Extracted data entries:
*** Block opens ***
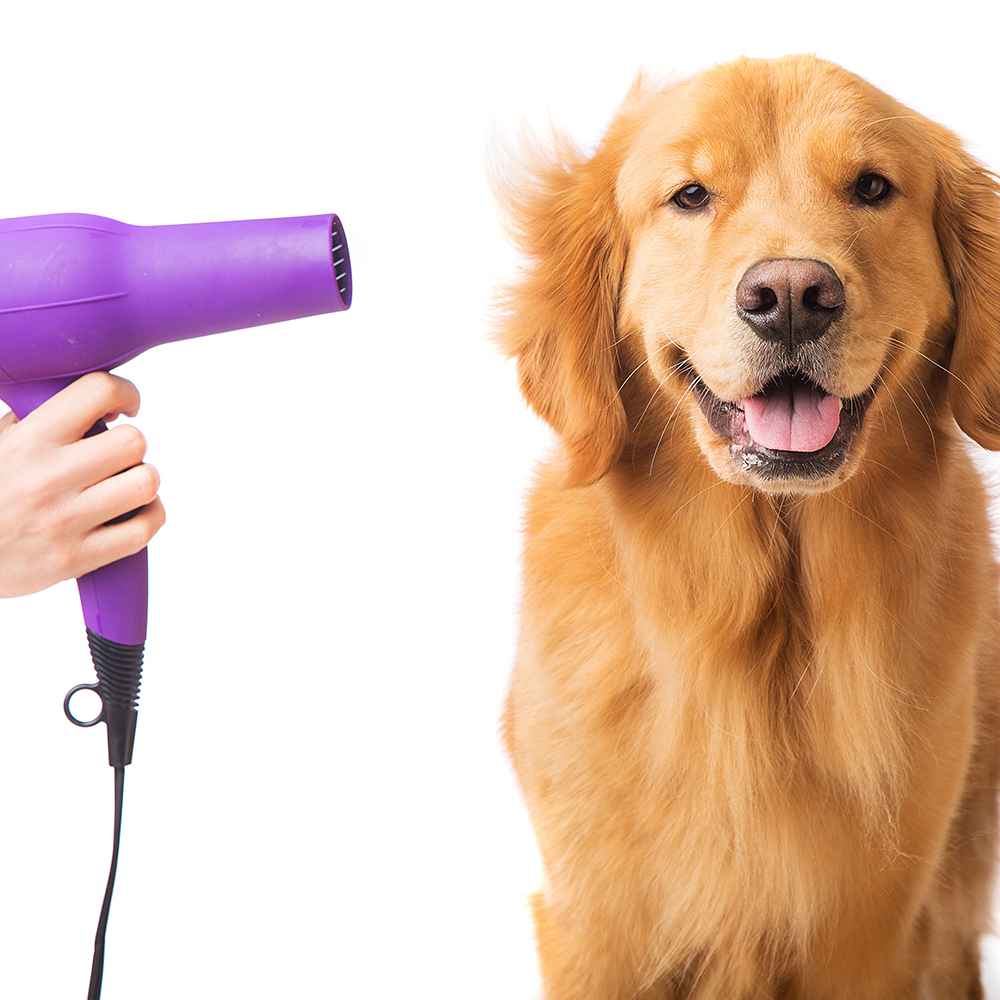  Haircut + Grooming  - Large Dogs (26Kg- 45Kg)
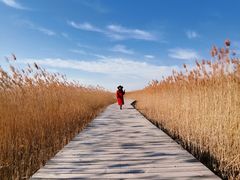 -野鸭湖国家湿地公园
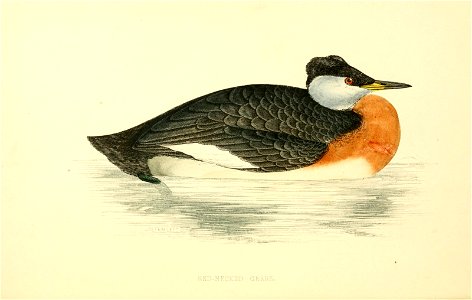 n175_w1150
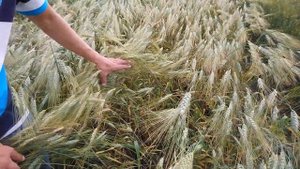 Твердые сорта пшеницы в Западной Сибири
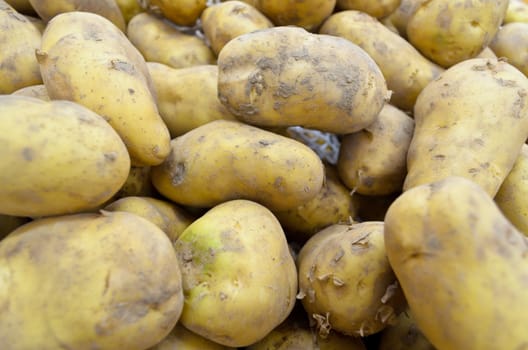 Pile raw potato tubers waiting sold in market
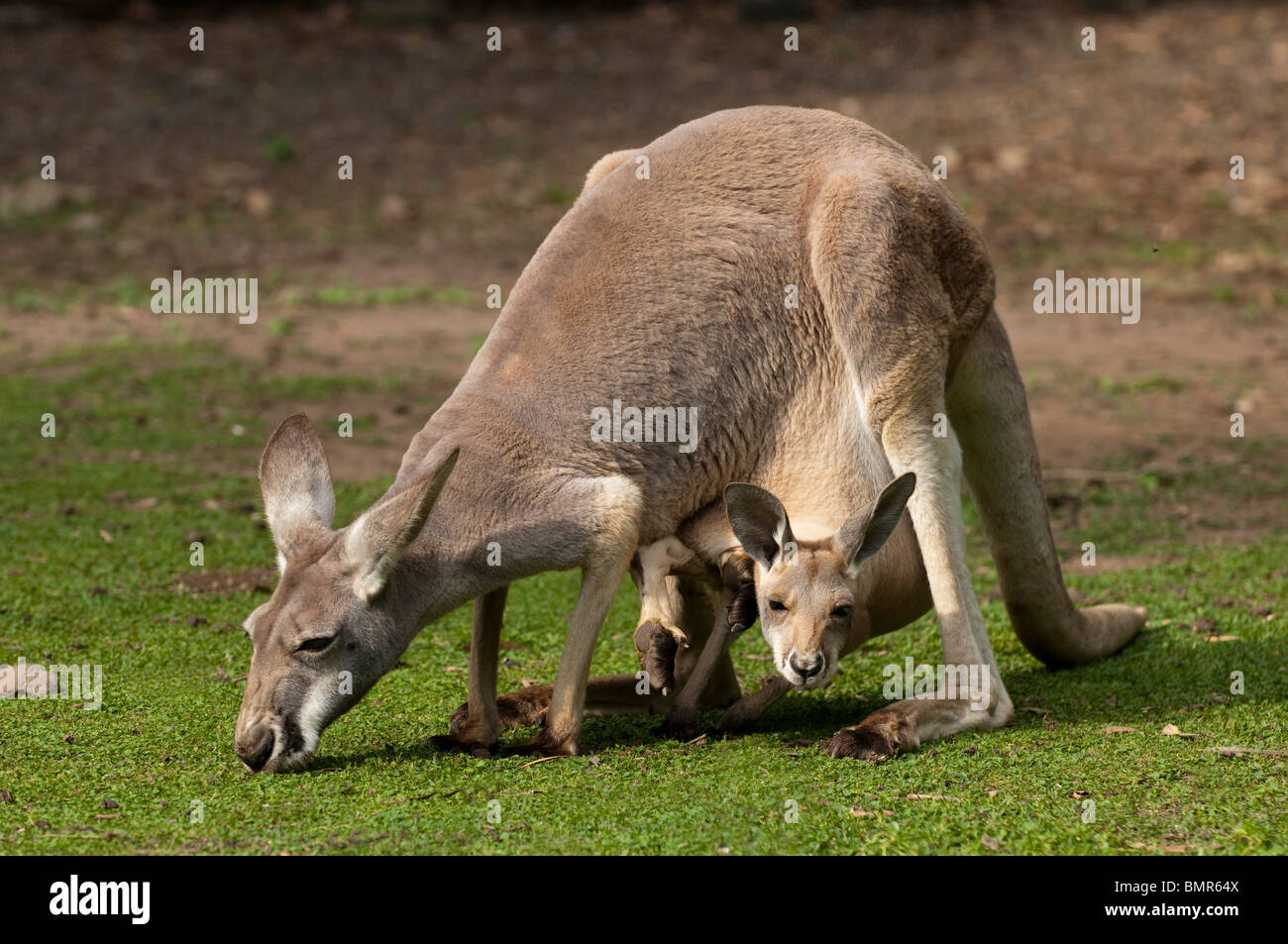 Eastern Gray Kangaroo mother with Joey in pouch, Queensland, Australia Stock Photo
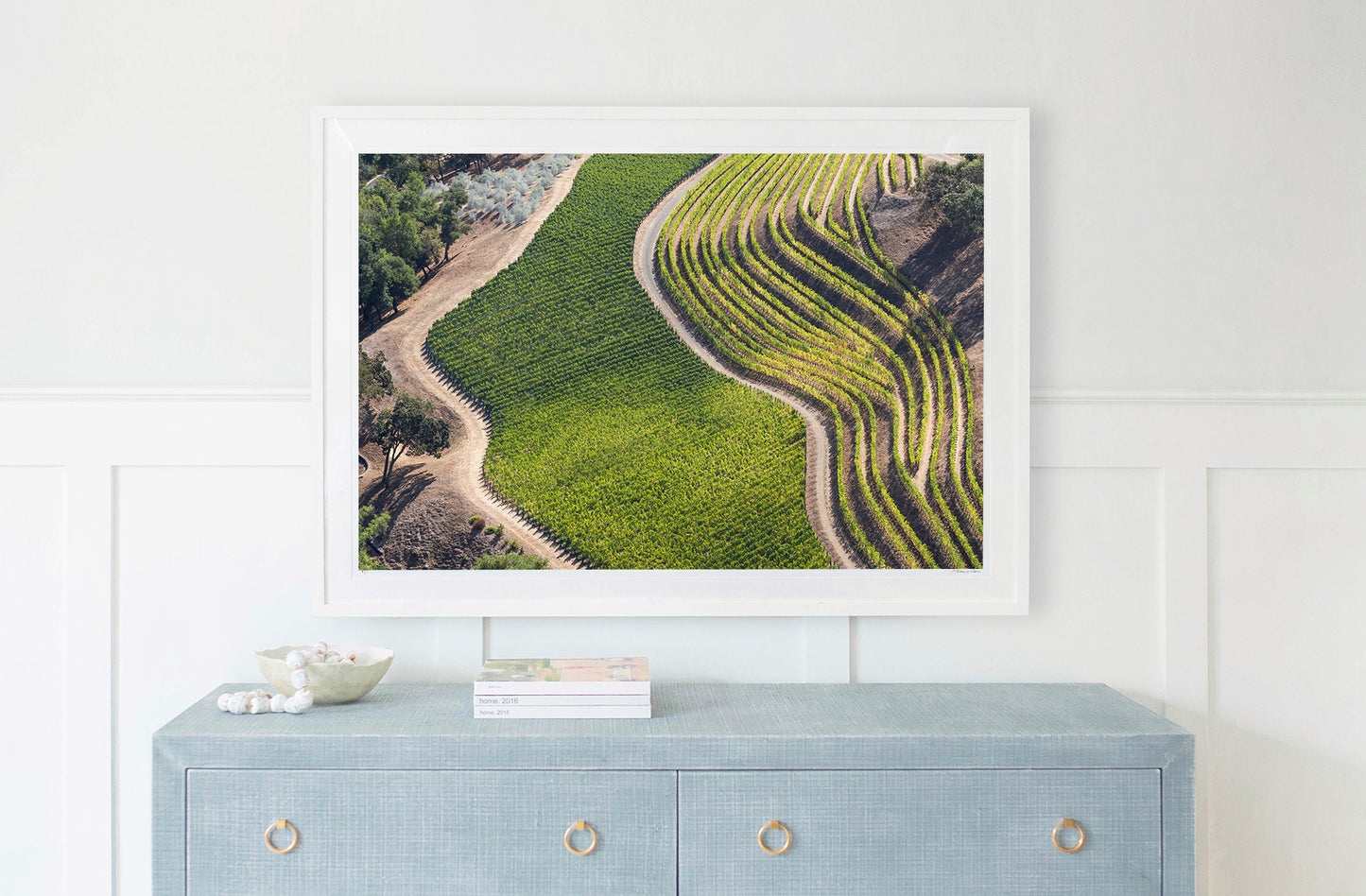 Terraced Vineyards, Napa Valley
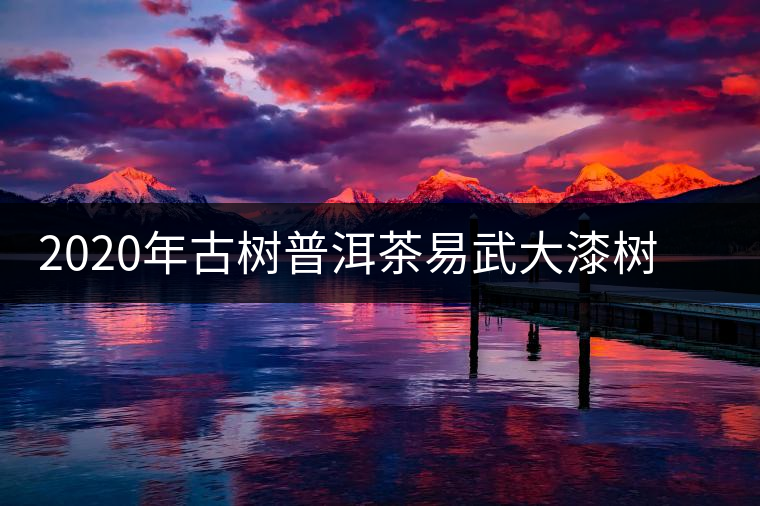 2020年古樹普洱茶易武大漆樹古樹春茶價格預(yù)測 2020年古樹普洱茶易武大漆樹古樹春茶價格預(yù)測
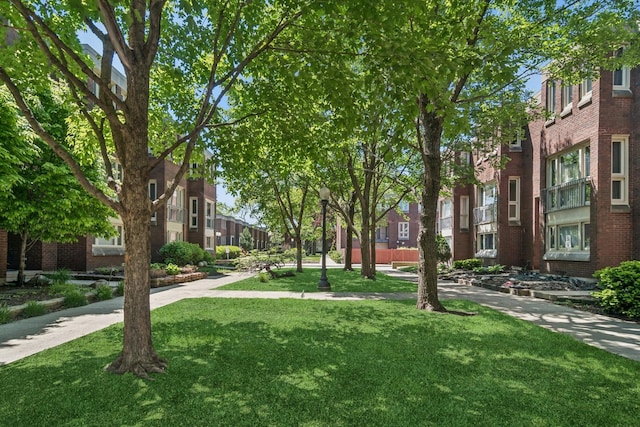 2717 S Michigan Ave, Chicago, IL 60616 - view of home's community featuring a yard and a residential view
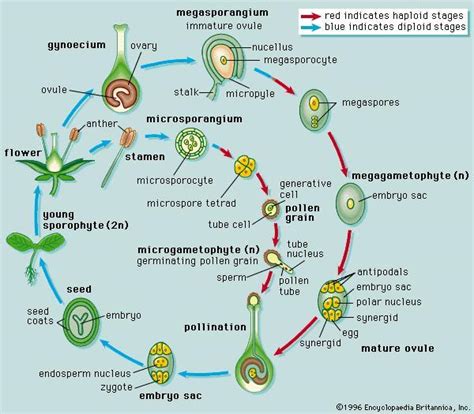 What does the gametophyte of an angiosperm look like? - Brainly.in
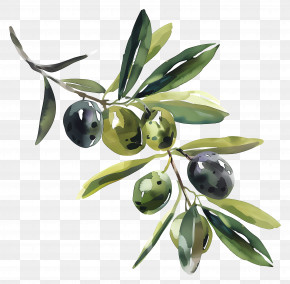 Olive - Watercolor Olive Branch Illustration PNG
*** Block closes ***
■ Exercise brief: In the answer, give only the lines from the top of the data above through the line with "Eastern Gray Kangaroo", reproduced exactly; no picture may appear.

■ Your response:
  Haircut + Grooming  - Large Dogs (26Kg- 45Kg)
 -野鸭湖国家湿地公园
 n175_w1150
 Твердые сорта пшеницы в Западной Сибири
 Pile raw potato tubers waiting sold in market
 Eastern Gray Kangaroo mother with Joey in pouch, Queensland, Australia Stock Photo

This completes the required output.